In this preface [to the Vita, André] intimates his intention of presenting yearly to the king some literary effort, greater or less according to the fertility of his genius for the time being, which might be accepted as the tenths and first fruits of his leisure. this attention he appears to have fulfilled by writing yearly an account of the principal occurrences of the time; but of these compositions, unfortunately, only two of Henry VII’s time are known to be extant...We have other two written in the succeeding the reign, the one in 1515, presented to Henry VIII on entering the seventh year of his reign, and the other in 1521, wishing prosperity to the thirteenth.

These annual historical summaries consist of the detailed record of the events of the year in question, small and large alike, written much in the manner of so-called herald’s journals. They are not worked up into any kind of literary form and the organizing and prioritizing iudicium of the true Humanistic historian is absent. As such, while they may contain plenty of interesting and useful nuggets of information, some of which will probably be of interest to modern historians, assembled as raw material for something more formal André never got around to writing (both ones distinctly anticipate the logbook of current events maintained by William Camden, which appears to have been started with a similar intent, albeit over time it morphed into something more like a personal diary), which are best understood as notes for a possible history, but scarcely as a history per se.
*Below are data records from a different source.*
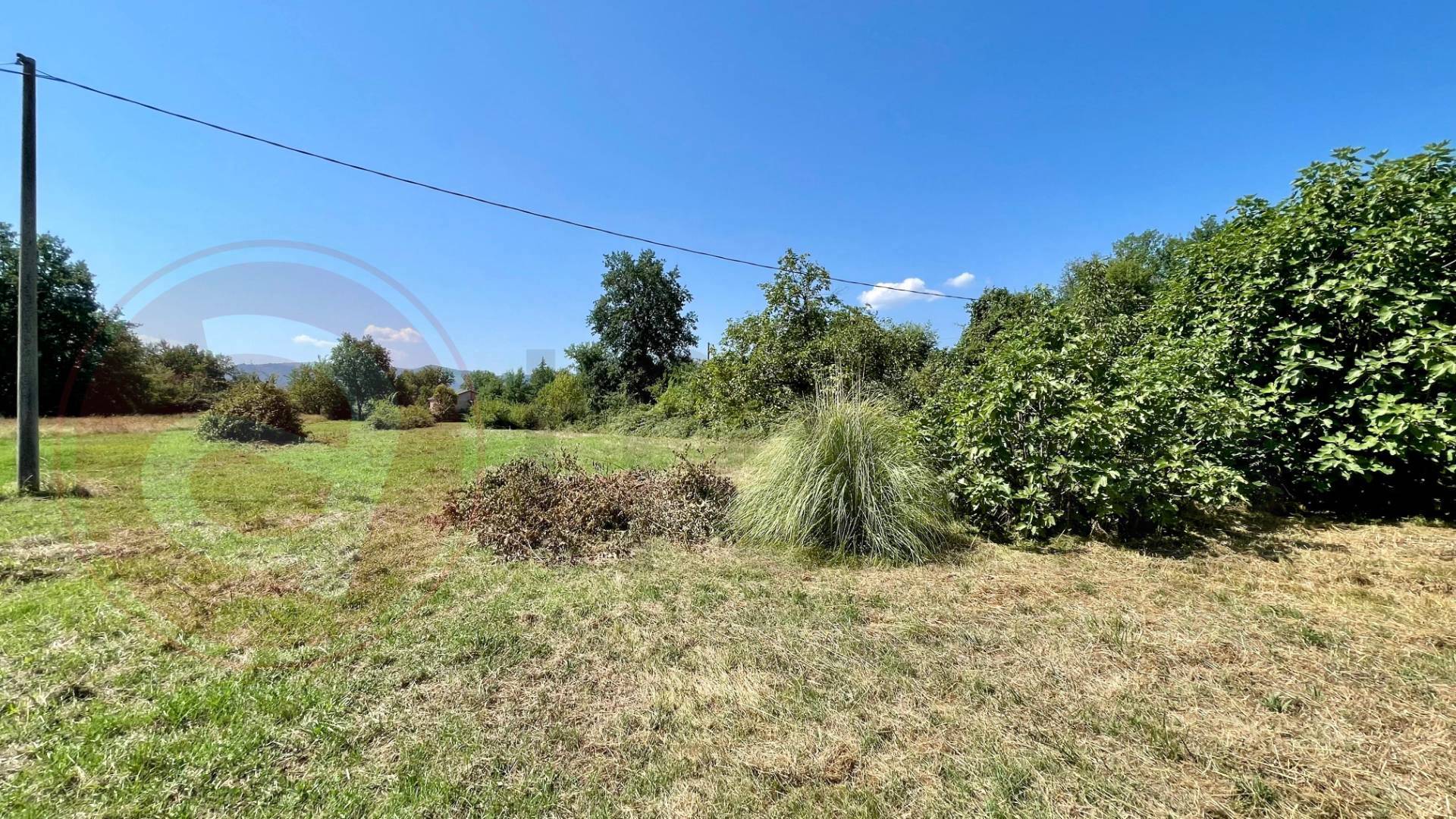 Casa indipendente in vendita a Ceprano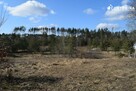 Działka budowlana Parchowo - 5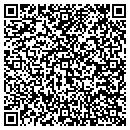 QR code with Sterling Relocation contacts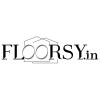 Floorsy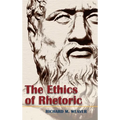 The Ethics of Rhetoric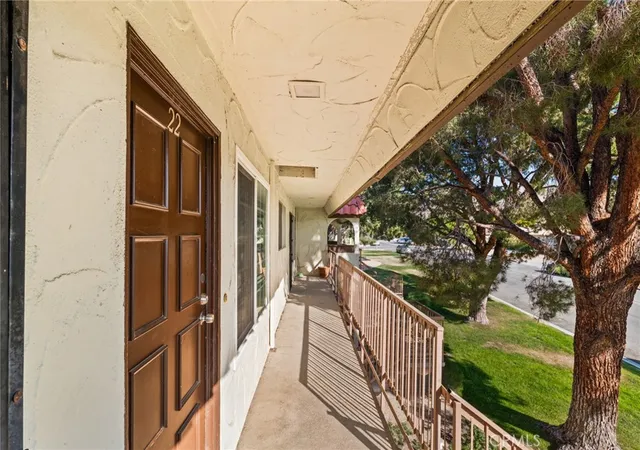 Homes for sale in Desert Hot Springs, CA | 9647 Spyglass Ave, Desert Hot Springs, CA 92240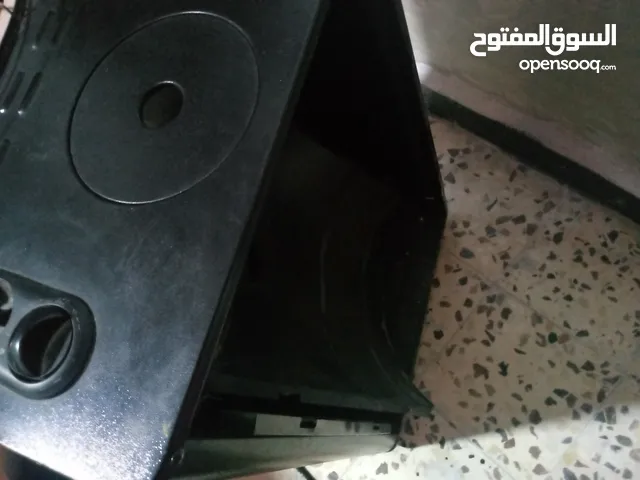 Romo Gas Heaters for sale in Amman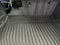 2025 Audi Q6 E-Tron Premium Plus
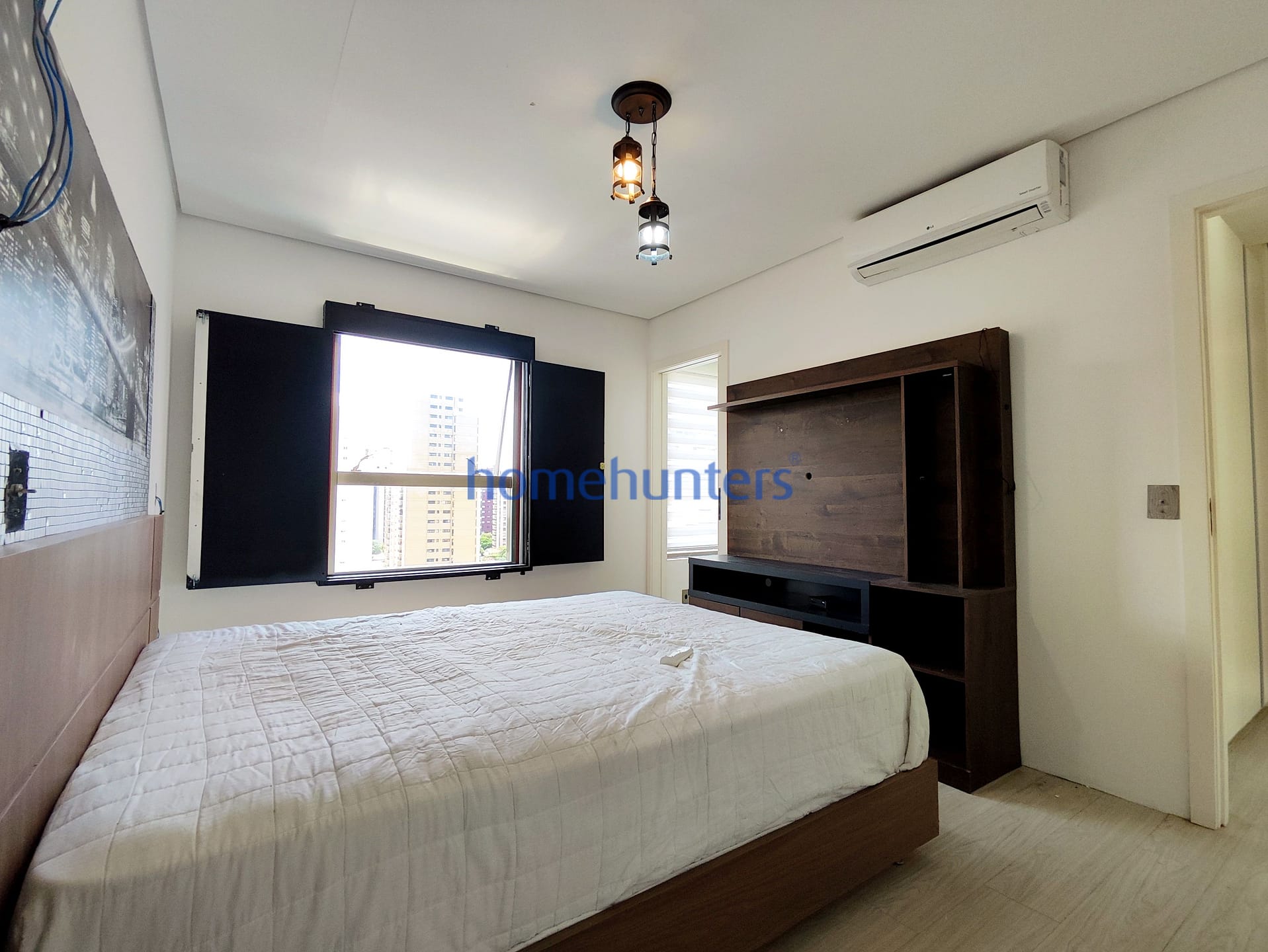 Apartamento, 1 quarto, 70 m² - Foto 22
spacer3. In his introduction (p. xiii) Gairdner went on to write “The works of Bernard André printed in this volume are, first, his Life of Henry VII, extending down to the capture of Perkin Warbeck, and, secondly, the two smaller pieces giving an account of the events of Henry’s 20th and 23d years, which appear to have been portions of a continuation of the Life.” So he evidently entertained a theory that the Annales commenced at the point in time where the Vita ends. Our manuscript of the Vita is not a very good one, and its abrupt ending may well be yet another of its manifold defects, so it probably offers no definitive evidence of what André actually wrote or what his intentions were. By the most optimistic appraisal, had he truly meant to stop where the Vita manuscript leaves off, with a description of Henry punishing Perkin Warbeck’s Cornish followers, it is hard to imagine he would have lacked the literary savvy to see that a coda was required to tie the whole thing up into a neater package. In truth, we have no certain idea how far down the Vita did or was meant to carry or how far back in time André went with the Annales, so the impression that there was no chronological overlap between the two works may be no more than an optical illusion created by the state of our available evidence. A suspension of judgment about the relationship of André’s two efforts works seems in order.
spacer4. I wish to express my gratitude to Dr, David Starkey for directing my attention to this pair of texts.